(Raw data Opens)
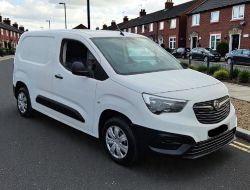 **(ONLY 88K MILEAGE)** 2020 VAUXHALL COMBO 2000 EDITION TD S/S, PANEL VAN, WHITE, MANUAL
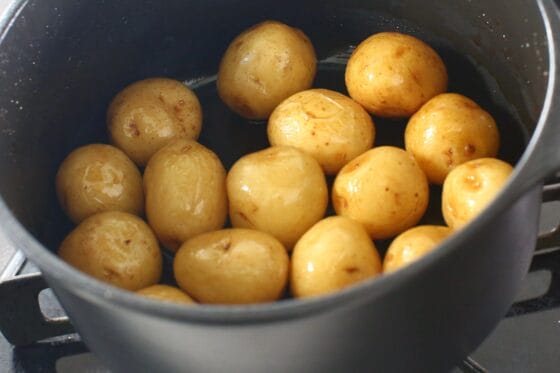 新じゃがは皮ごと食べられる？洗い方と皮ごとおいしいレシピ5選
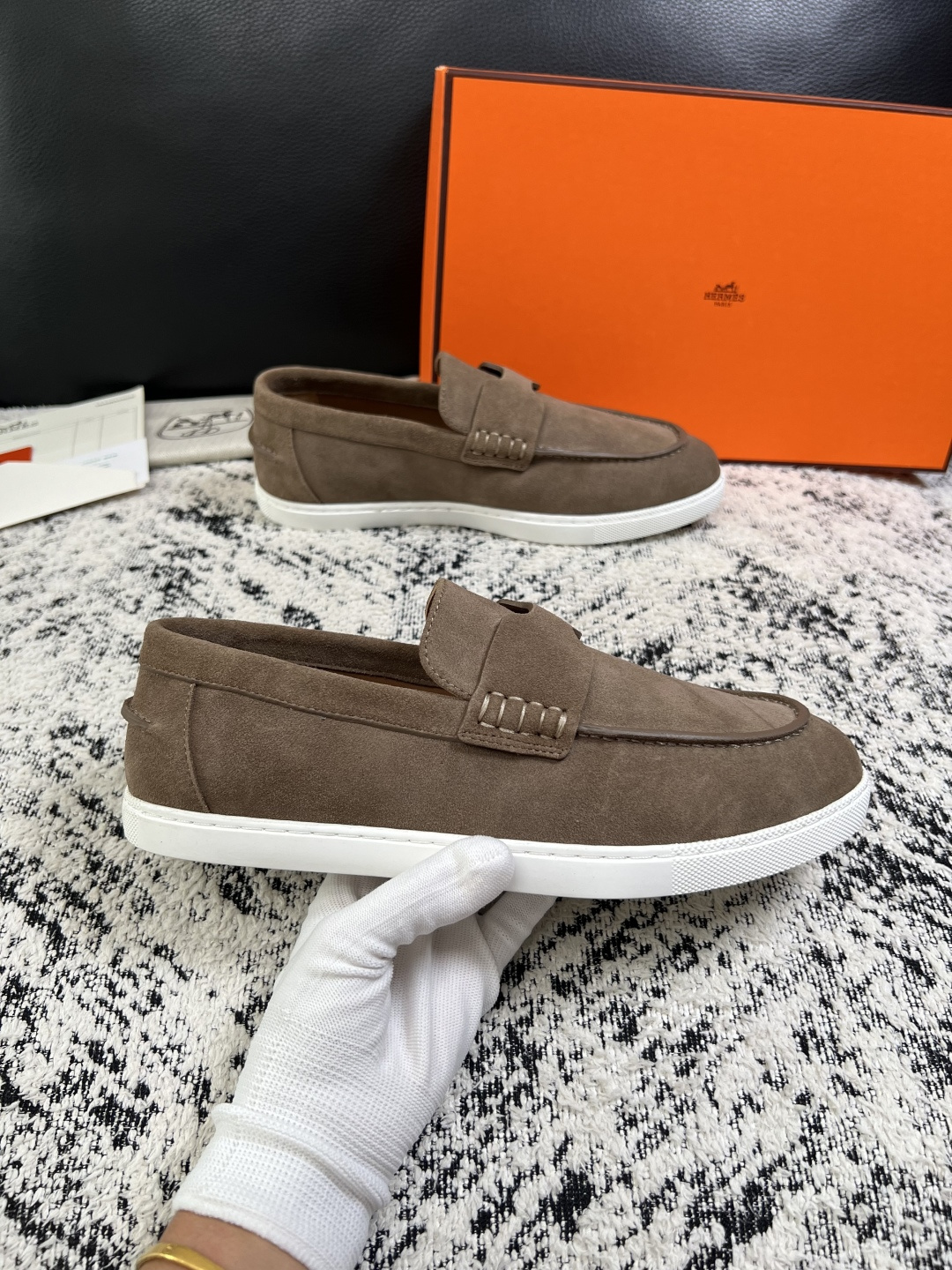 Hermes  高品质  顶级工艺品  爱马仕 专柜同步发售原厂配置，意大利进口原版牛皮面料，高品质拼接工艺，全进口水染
(Raw data Closes)
● **What the task asks**
Copy the data word for word and omit every picture.

● **Exercise response**
 **(ONLY 88K MILEAGE)** 2020 VAUXHALL COMBO 2000 EDITION TD S/S, PANEL VAN, WHITE, MANUAL
 新じゃがは皮ごと食べられる？洗い方と皮ごとおいしいレシピ5選
 Hermes  高品质  顶级工艺品  爱马仕 专柜同步发售原厂配置，意大利进口原版牛皮面料，高品质拼接工艺，全进口水染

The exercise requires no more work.